[Your assignment]:
The answer must consist only of the lines in the records below from the line with "Жіночі безшовні трусики" to the line with "Le Cafe Du Commerce à Toucy", both included, copied word for word with every picture left out.

[Data under study]:
.....

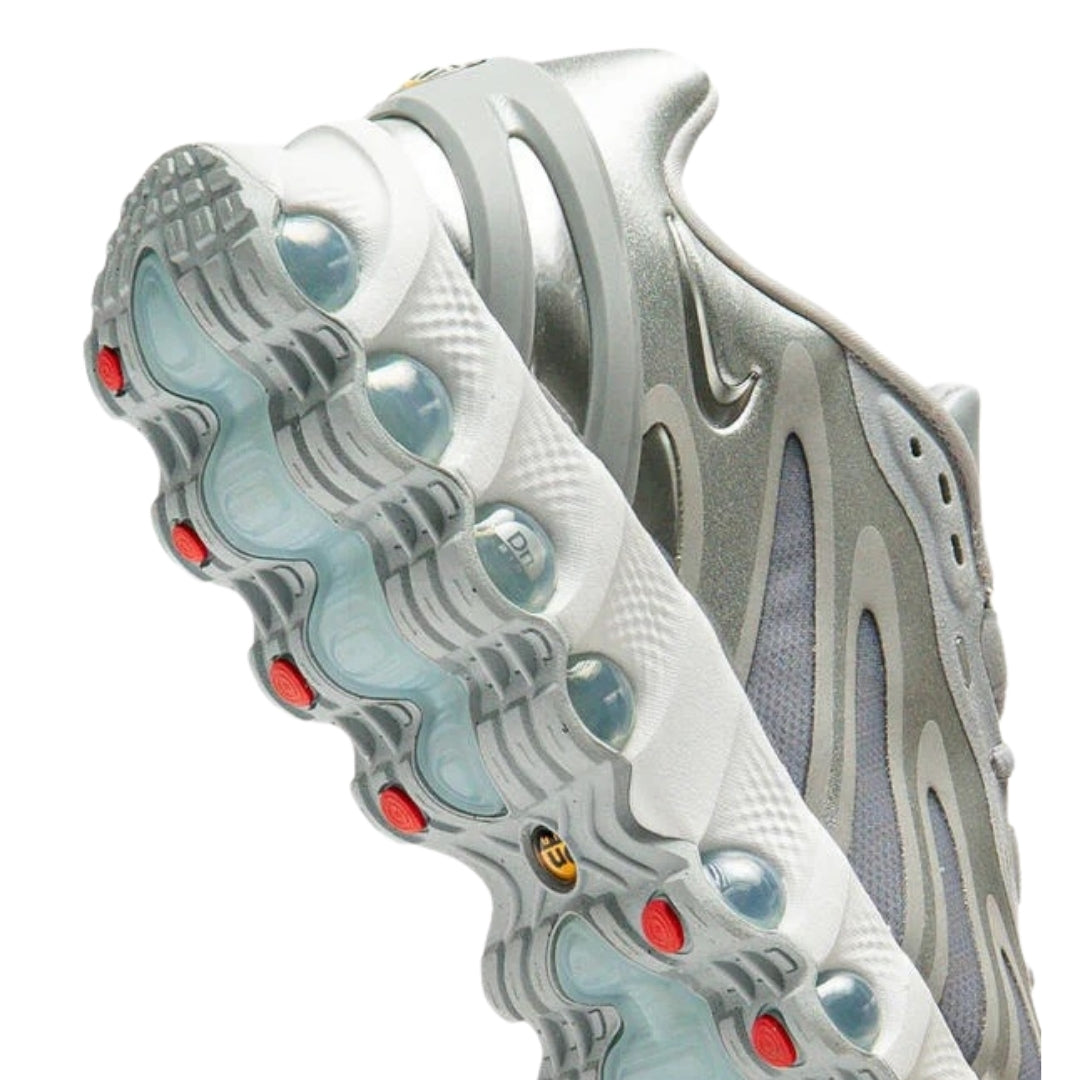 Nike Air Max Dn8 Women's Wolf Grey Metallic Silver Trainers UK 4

.....

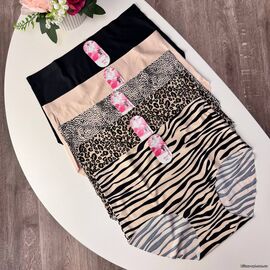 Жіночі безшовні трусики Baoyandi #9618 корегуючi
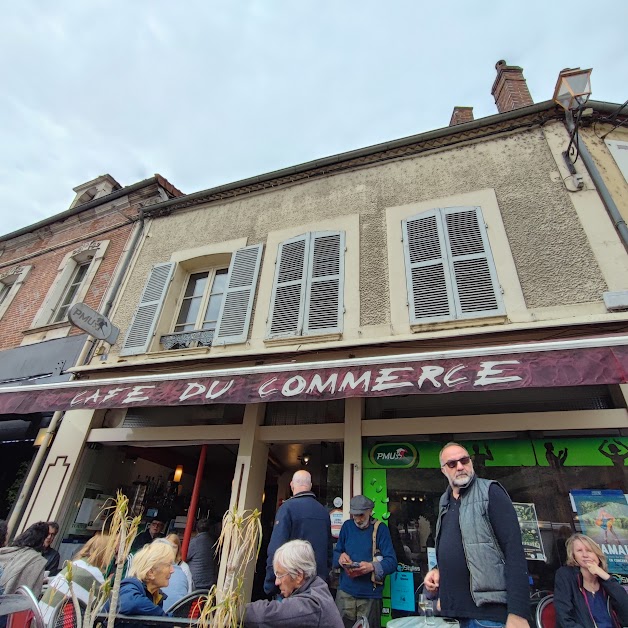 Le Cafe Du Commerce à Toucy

.....

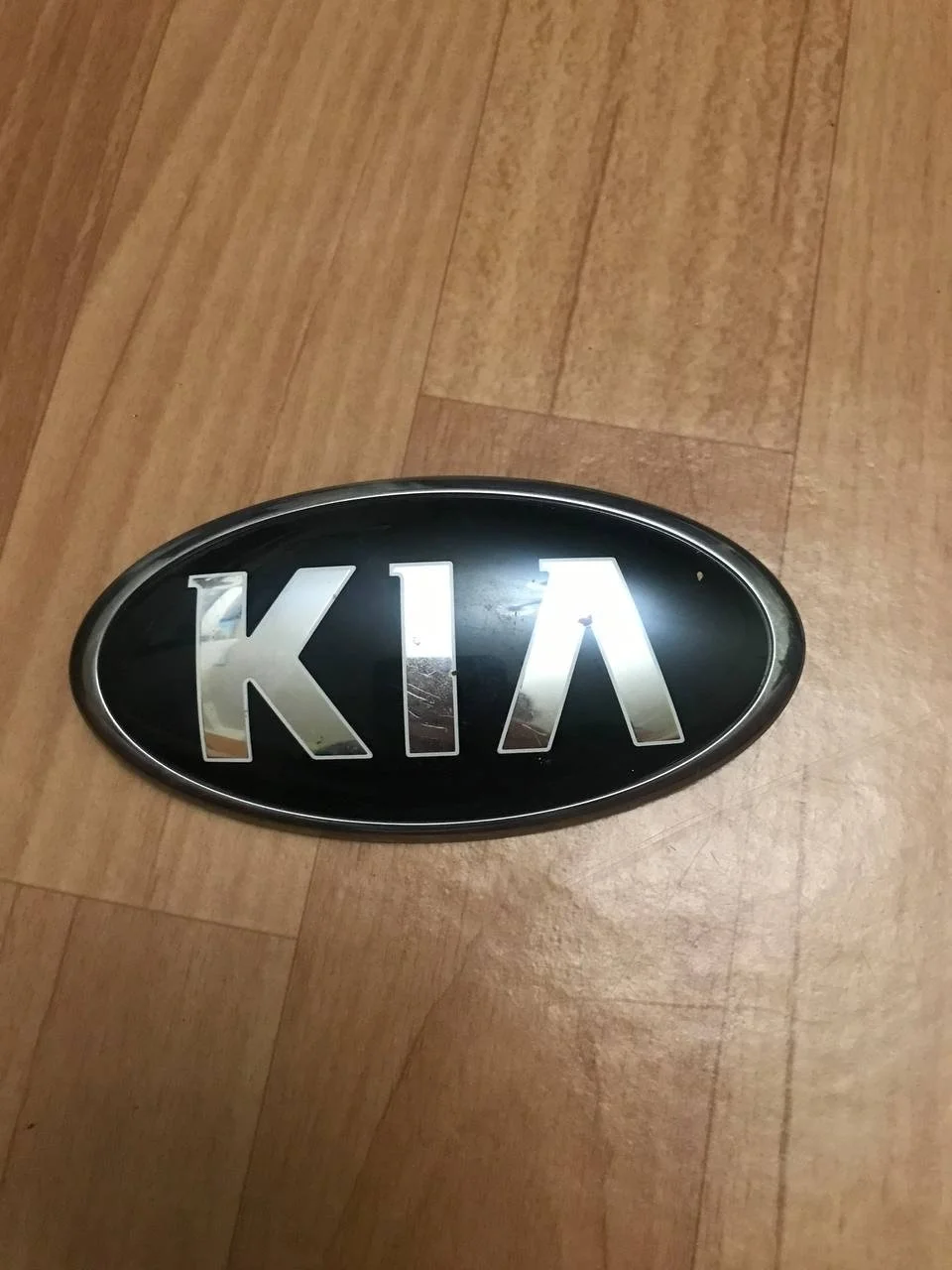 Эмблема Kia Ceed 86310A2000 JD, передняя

.....

[Written answer]:
 Жіночі безшовні трусики Baoyandi #9618 корегуючi
 Le Cafe Du Commerce à Toucy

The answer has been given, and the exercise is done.